EXERCISE DATA =

- - -

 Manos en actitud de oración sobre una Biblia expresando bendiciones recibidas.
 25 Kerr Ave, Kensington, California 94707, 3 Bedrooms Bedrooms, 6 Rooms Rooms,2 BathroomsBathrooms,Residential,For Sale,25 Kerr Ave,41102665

- - -

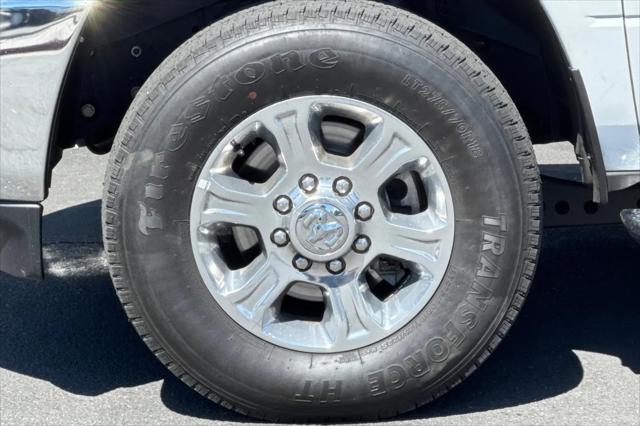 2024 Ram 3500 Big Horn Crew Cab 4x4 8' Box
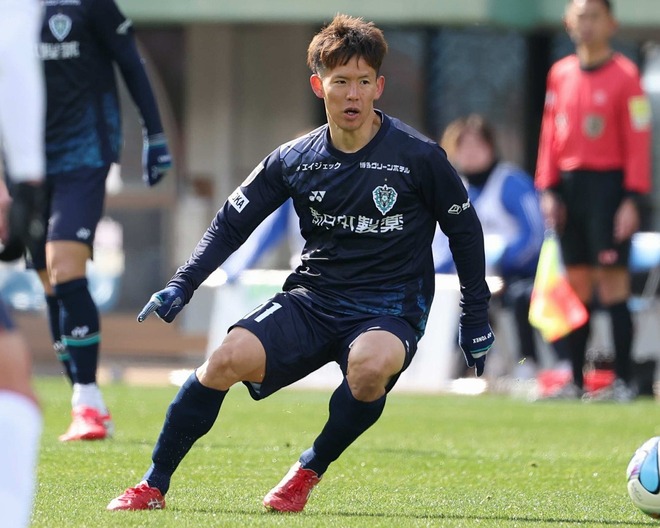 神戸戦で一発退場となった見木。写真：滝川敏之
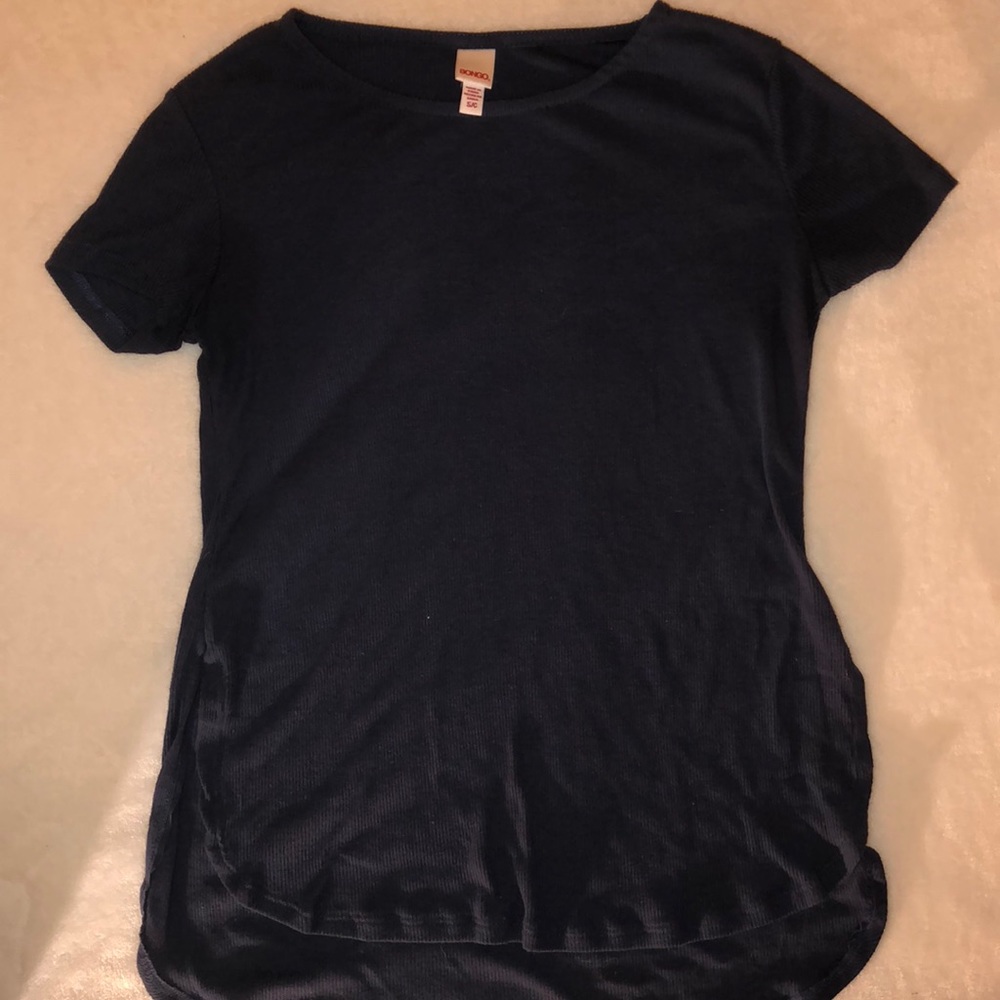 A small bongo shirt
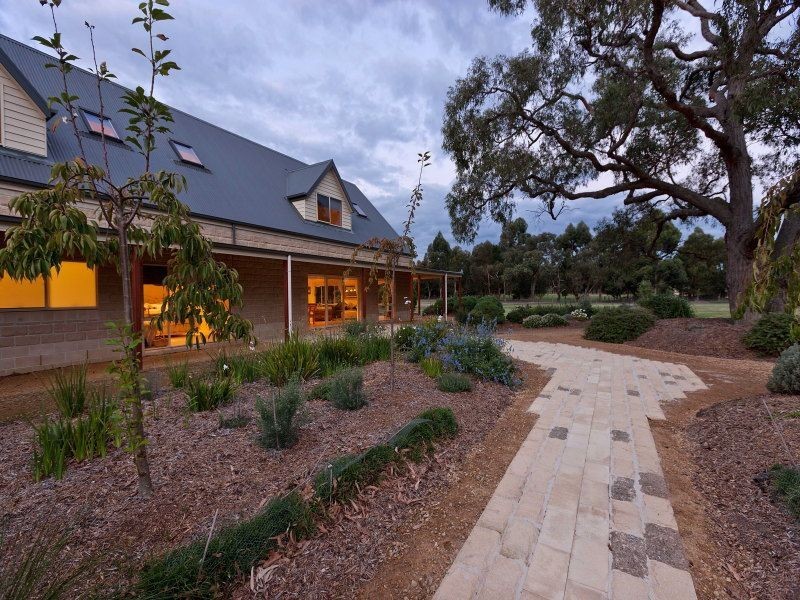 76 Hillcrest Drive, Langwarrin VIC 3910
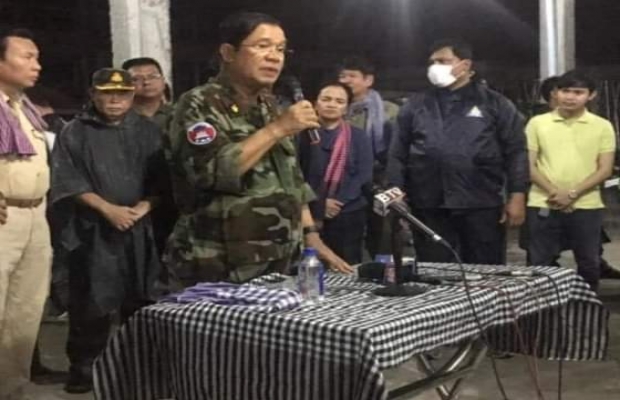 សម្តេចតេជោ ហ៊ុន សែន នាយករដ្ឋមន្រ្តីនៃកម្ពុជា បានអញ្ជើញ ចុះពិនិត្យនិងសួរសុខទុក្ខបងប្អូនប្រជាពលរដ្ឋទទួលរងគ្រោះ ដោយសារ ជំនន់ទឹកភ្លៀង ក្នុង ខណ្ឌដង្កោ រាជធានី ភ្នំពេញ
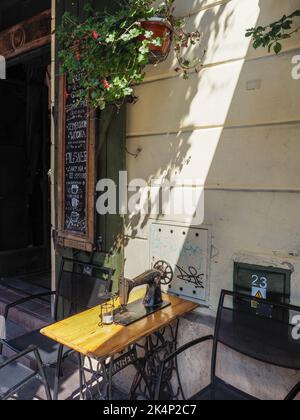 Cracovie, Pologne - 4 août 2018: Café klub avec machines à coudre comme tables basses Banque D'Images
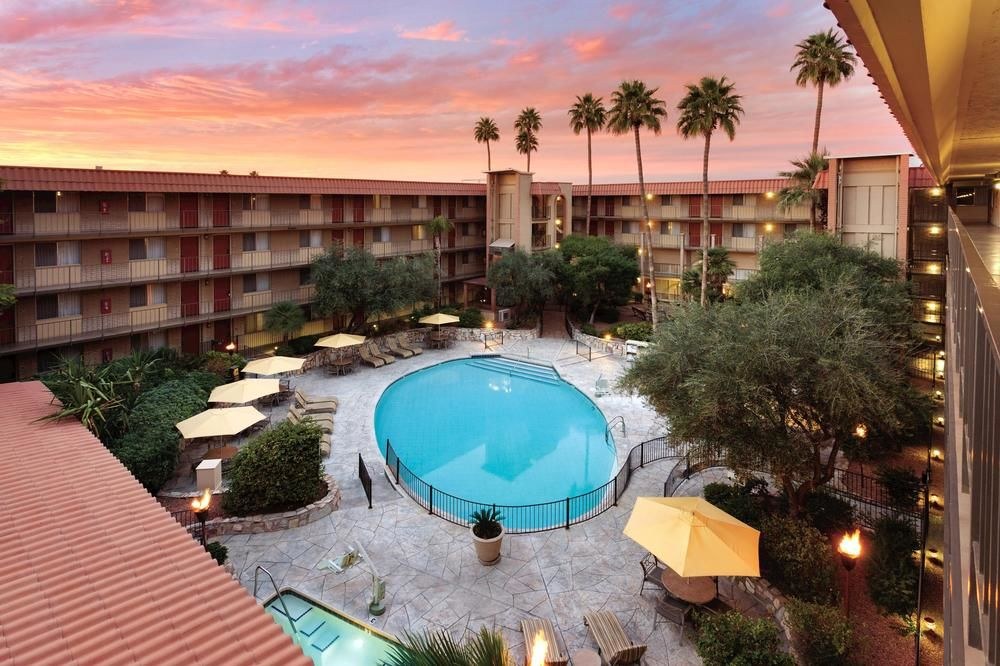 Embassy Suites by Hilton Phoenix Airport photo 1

- - -

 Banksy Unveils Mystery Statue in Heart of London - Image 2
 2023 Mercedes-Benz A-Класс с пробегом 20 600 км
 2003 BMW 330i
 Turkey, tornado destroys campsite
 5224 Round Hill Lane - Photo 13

- - -

Where the data above reaches the line holding "Manos en actitud", begin printing, and stop after the line holding "25 Kerr Ave, Kensington, California". Each line must be reproduced exactly, with nothing else added.

 Manos en actitud de oración sobre una Biblia expresando bendiciones recibidas.
 25 Kerr Ave, Kensington, California 94707, 3 Bedrooms Bedrooms, 6 Rooms Rooms,2 BathroomsBathrooms,Residential,For Sale,25 Kerr Ave,41102665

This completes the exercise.